▸ Dataset excerpt
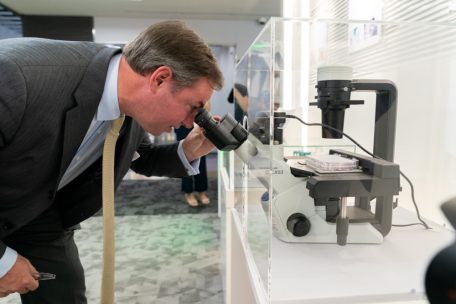 Erbgroßherzog Guillaume schaut sich an, wie iPS-Zellen aussehen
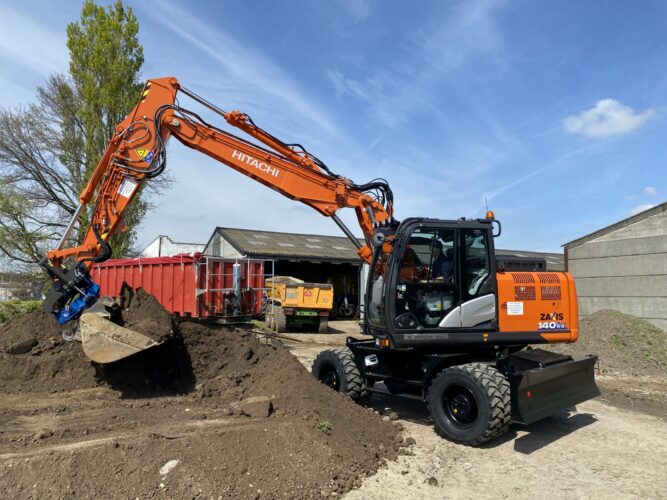 Hitachi ZX140W-6 2p Klant Naessens (3)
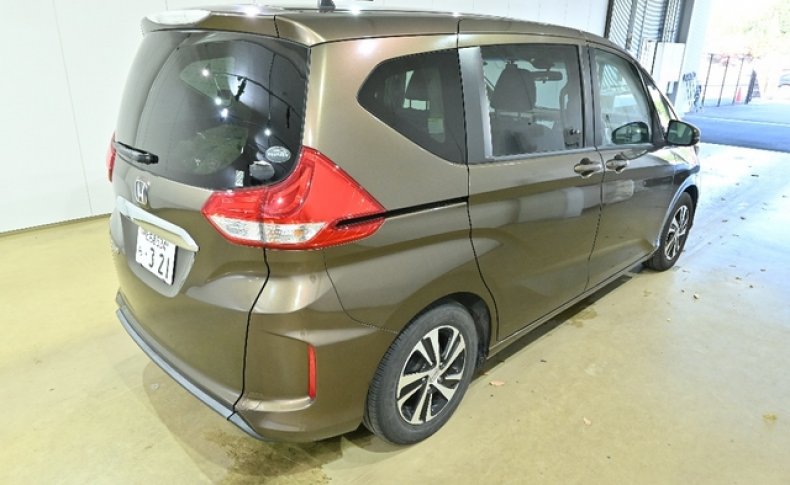 HONDA FREED + G HONDA SENSING 2016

▸ What is required
The copy runs from the line containing "Hitachi ZX140W-6 2p Klant Naessens (3)" through the last line of the material, both ends included. Reproduce those lines exactly and drop the pictures.

▸ Reply
 Hitachi ZX140W-6 2p Klant Naessens (3)
 HONDA FREED + G HONDA SENSING 2016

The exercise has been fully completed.